Deshalb zahlt ihnen K+U rund 1500 Euro monatlich, bezuschusst von den Arbeitsagenturen. 'Ohne Förderung können wir uns die Senior-Ausbildung nicht leisten.' In der Ing-Diba war es die Lebenserfahrung der Älteren, in der Bäckereikette sind es die rückläufigen Schülerzahlen. Der Chemiekonzern Lanxess will mit seinem Senior-Trainee-Programm Akademiker ins Berufsleben zurückholen. Die promovierte Chemikerin Aurelia Reckziegel, 47 Jahre, zwei Kinder mit sieben und acht Jahren, hat vor einem Jahr das 18 Monate dauernde Programm angefangen. Acht Jahre hat sie zwangsweise pausiert.

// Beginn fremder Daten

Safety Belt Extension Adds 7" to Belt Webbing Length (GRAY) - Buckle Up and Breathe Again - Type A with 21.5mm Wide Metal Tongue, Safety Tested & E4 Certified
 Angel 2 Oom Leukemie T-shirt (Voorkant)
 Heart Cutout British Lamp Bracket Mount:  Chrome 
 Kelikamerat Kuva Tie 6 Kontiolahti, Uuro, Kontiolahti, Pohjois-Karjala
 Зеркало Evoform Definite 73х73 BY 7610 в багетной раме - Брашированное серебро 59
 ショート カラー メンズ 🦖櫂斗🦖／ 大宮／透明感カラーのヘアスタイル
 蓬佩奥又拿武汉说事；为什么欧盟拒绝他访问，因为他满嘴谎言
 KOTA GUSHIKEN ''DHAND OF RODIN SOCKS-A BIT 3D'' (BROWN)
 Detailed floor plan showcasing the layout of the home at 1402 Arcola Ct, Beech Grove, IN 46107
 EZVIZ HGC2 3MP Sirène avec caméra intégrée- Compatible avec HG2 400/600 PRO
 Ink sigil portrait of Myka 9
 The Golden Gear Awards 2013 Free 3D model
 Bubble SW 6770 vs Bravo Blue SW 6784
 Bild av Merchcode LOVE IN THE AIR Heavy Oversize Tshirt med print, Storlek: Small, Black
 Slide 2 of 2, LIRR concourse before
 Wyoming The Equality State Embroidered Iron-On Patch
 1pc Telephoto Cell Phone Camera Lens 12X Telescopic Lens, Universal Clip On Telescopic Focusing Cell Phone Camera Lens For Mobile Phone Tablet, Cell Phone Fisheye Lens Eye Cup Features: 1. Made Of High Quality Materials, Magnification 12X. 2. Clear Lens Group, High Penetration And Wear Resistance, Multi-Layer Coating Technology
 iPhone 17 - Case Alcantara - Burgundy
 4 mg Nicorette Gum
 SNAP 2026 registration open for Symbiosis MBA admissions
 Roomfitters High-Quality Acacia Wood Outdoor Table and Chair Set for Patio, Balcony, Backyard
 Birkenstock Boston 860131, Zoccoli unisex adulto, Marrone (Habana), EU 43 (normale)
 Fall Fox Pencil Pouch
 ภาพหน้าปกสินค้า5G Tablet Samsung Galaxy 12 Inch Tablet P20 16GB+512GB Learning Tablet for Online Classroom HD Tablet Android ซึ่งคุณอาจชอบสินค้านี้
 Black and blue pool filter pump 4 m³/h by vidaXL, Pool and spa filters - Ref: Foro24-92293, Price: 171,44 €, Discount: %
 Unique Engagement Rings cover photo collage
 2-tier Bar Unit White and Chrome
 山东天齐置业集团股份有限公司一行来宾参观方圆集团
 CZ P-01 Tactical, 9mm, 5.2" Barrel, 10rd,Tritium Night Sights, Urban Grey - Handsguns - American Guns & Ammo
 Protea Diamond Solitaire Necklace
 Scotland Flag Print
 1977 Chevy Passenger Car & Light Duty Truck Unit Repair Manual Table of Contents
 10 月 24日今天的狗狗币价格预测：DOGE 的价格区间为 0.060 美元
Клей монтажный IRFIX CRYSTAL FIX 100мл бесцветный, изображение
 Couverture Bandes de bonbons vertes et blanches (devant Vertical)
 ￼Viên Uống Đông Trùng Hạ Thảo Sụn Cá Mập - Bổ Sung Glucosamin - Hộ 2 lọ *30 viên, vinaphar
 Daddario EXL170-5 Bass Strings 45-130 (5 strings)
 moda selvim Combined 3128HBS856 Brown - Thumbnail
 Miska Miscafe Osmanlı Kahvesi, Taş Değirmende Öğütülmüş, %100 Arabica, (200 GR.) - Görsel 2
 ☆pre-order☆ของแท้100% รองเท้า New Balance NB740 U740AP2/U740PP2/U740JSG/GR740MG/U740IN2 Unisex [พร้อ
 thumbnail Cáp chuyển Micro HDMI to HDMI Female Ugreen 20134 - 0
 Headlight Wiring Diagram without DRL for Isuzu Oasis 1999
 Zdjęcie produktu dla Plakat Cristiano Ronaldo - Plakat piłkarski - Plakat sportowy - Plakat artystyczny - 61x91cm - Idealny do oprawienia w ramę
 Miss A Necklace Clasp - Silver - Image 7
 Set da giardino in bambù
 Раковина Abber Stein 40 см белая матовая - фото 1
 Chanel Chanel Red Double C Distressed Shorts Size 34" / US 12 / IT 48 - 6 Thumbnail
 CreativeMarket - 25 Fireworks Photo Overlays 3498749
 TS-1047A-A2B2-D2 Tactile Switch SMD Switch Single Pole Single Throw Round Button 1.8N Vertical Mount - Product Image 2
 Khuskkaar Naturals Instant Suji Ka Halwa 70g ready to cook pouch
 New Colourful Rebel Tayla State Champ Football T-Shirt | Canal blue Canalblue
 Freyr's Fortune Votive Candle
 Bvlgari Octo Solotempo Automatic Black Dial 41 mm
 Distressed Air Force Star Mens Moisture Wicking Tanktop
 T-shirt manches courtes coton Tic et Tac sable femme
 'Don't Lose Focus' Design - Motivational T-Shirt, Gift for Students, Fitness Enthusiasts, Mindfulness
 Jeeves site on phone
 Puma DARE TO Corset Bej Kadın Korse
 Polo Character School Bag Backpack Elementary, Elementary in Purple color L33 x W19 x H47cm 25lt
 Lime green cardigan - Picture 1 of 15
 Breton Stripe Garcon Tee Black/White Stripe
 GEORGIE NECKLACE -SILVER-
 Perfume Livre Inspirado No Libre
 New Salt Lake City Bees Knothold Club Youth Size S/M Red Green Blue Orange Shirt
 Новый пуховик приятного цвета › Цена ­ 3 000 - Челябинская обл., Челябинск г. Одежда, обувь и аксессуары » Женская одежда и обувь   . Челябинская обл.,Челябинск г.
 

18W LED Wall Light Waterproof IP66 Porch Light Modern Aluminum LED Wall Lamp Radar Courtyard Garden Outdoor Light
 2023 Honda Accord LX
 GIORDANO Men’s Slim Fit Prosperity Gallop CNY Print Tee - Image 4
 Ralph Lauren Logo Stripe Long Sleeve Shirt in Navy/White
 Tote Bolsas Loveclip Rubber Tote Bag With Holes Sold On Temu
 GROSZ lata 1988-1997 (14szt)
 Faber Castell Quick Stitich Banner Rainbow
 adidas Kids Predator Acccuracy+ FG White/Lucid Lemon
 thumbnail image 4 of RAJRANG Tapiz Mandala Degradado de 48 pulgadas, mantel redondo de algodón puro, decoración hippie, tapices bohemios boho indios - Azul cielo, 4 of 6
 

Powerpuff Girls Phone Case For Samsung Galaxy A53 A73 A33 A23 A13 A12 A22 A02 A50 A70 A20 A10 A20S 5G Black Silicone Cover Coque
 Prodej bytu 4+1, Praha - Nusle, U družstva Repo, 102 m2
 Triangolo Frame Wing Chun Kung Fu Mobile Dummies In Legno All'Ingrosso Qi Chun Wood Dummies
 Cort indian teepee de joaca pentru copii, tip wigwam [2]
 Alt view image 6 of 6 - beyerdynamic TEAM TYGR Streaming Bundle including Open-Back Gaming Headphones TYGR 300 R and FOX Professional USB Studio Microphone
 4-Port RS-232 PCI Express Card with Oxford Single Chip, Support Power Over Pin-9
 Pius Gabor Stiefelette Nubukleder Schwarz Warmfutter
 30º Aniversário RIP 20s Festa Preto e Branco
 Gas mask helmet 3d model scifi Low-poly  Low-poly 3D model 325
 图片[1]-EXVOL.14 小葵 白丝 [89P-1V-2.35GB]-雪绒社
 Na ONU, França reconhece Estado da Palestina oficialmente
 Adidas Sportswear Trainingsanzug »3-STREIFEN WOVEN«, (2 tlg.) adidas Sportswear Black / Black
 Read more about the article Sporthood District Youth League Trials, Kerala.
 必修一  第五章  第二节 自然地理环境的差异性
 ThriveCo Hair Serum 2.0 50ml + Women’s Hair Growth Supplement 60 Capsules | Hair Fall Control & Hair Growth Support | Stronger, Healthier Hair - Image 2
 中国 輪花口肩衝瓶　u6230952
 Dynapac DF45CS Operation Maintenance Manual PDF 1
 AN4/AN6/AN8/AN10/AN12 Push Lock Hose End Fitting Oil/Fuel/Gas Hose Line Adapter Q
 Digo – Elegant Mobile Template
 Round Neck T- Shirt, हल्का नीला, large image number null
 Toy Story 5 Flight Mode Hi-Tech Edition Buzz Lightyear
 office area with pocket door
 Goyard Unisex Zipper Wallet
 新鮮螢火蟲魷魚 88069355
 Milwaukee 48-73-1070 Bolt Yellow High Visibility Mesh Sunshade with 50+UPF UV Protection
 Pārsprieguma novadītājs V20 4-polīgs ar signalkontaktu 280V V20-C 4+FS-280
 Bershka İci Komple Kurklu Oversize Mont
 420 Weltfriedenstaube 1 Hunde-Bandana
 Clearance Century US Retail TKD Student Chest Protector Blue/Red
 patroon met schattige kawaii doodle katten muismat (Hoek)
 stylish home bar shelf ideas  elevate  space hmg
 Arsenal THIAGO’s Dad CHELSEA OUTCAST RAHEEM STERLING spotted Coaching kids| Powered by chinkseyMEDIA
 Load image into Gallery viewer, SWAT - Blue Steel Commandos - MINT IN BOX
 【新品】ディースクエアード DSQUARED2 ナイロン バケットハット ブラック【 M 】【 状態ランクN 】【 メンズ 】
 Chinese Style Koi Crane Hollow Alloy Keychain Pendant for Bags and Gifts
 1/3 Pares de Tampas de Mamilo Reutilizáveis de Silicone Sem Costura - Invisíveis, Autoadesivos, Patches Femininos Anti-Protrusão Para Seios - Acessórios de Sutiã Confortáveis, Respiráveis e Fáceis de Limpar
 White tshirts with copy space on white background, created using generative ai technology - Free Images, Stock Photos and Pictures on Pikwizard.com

'Ich wollte schon nach dem ersten Kind in Teilzeit arbeiten, habe aber keine Stelle gefunden. Auch nicht, als ich mich später auf volle Stellen beworben habe.' Sie vermutet, weil sie Mutter ist. Nach all den Absagen hat sie an ihren fachlichen Fähigkeiten gezweifelt, war frustriert. Eine Freundin hat ihr von Lanxess erzählt und sie motiviert, sich zu bewerben. 'Durch die Trainee-Stelle kam ich zurück ins Berufsleben. Hier kann ich wieder unter Beweis stellen, dass ich gut in dem Job bin, den ich gerne mache.' Reckziegel arbeitet in der Forschung und hat es bereits zur Laborleiterin gebracht. Das Lanxess-Programm ist ein Pilotprojekt, an dem 13 Frauen und ein Mann teilnehmen. Im Frühjahr dieses Jahres wird es ausgewertet. Dann wird entschieden, ob es wiederholt wird.